Nice fan, it will be loud, also what are you putting it on,, the fan in the V8 is 25mm thick, the fan your looking at is 38mm thick, it wont fit in the V8.http://www.xoxide.com/scythe-ultakaze-120mm-casefan.html



trickson said:


> What is the Vcore ? I see your temps are great .



Cpu-z reads 1.376V, But I thought I set it higher in the bios,


----------



## Cold Storm (Dec 17, 2008)

Wow! I really like the look of the V* in your system. It really matches, but makes everything go well in it. 

Where you going to grab the True, black edition? Or was it just  a normal True, before you got this one?!

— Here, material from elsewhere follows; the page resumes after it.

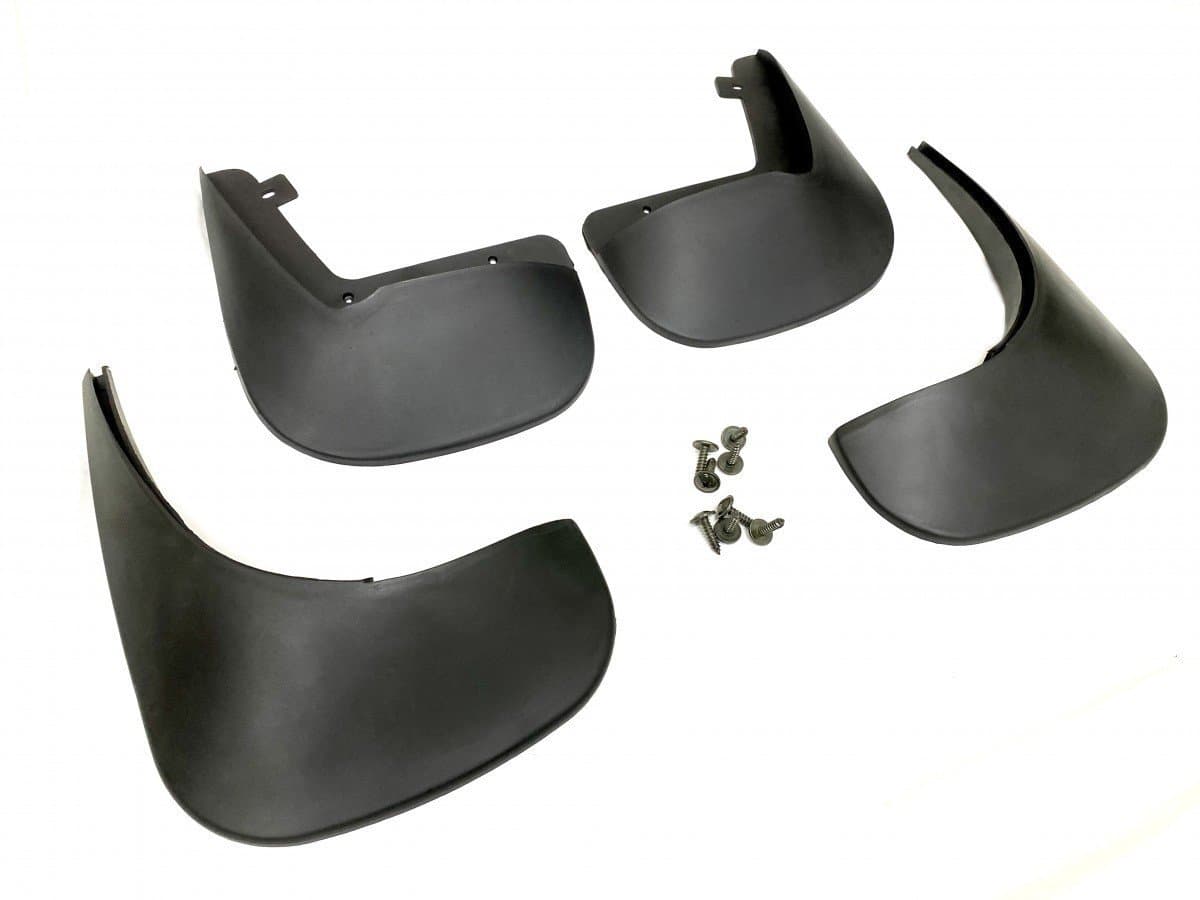 Бризковики Volkswagen Passat B5 SD/WG 2002-2005 комплект 4шт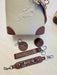 Tucker Tweed Bit Keychain - Equine Exchange Tack Shop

Great mod man! Glad to be able to see it! 
Got a delta fan if you want to play around


----------



## LiveOrDie (Dec 17, 2008)

steelkane said:


> Nice fan, it will be loud, also what are you putting it on,, the fan in the V8 is 25mm thick, the fan your looking at is 38mm thick, it wont fit in the V8.http://www.xoxide.com/scythe-ultakaze-120mm-casefan.html
> 
> 
> 
> Cpu-z reads 1.376V, But I thought I set it higher in the bios,


o ok didnt look at that how about this than thanks Thermaltake 120mm Smart Case Fan II with LED


----------



## steelkane (Dec 18, 2008)

Cold Storm said:


> Wow! I really like the look of the V* in your system. It really matches, but makes everything go well in it.
> 
> Where you going to grab the True, black edition? Or was it just  a normal True, before you got this one?!
> 
> ...



It was the Thermalright TRUE Black Ultra-120 eXtreme, I wanted that one, but when I seen the V8, it had to be that one,, because I new the cooler was going to stick out the side of the case, & I would have to make a side window around it,, I think the V8 is way better for my setup, & there about the same when it comes to cooling. Thanks for the offer to play around with the delta, But after I make the side panel, this setup will stay like this for a long time. Thanks again for taking interest in my mod, I hope to bring more.  



Live OR Die said:


> o ok didnt look at that how about this than thanks
> Thermaltake 120mm Smart Case Fan II with LED



Are you looking for a fan for the V8,, 
Do you want one with Leds
Do you have a fan controller to plug the fan in or are you plugging it into the motherboard
Does it matter if the fan is quite or loud.


----------



## Cold Storm (Dec 18, 2008)

Man, I don't think you want to listen to this all day long! I did it for a test for a monthish before going to water. I drove my grandma crazy! lmao


----------



## EnergyFX (Dec 18, 2008)

Hey Steel... nice mod.  I did a little mod to a V8 I have that you might be interested in.  I taped a small square of paper behind bots sets of slits on the top cover.  The paper helps catch the light and give it more of a "glow".


----------



## LiveOrDie (Dec 18, 2008)

steelkane said:


> It was the Thermalright TRUE Black Ultra-120 eXtreme, I wanted that one, but when I seen the V8, it had to be that one,, because I new the cooler was going to stick out the side of the case, & I would have to make a side window around it,, I think the V8 is way better for my setup, & there about the same when it comes to cooling. Thanks for the offer to play around with the delta, But after I make the side panel, this setup will stay like this for a long time. Thanks again for taking interest in my mod, I hope to bring more.
> 
> 
> 
> ...



ill be pluging it into the motherboard and leds dont really matter, like just buy one for the top and i dont want it to loud is the Standard Smart Case Fan II 12CM ok


----------



## steelkane (Dec 18, 2008)

Cold Storm said:


> Man, I don't think you want to listen to this all day long! I did it for a test for a monthish before going to water. I drove my grandma crazy! lmao


That was loud,, I still have a 80mm vantec tornado, like 45dba, when I got a phone call,, they would ask if I was vacuuming, never again,   



EnergyFX said:


> Hey Steel... nice mod.  I did a little mod to a V8 I have that you might be interested in.  I taped a small square of paper behind bots sets of slits on the top cover.  The paper helps catch the light and give it more of a "glow".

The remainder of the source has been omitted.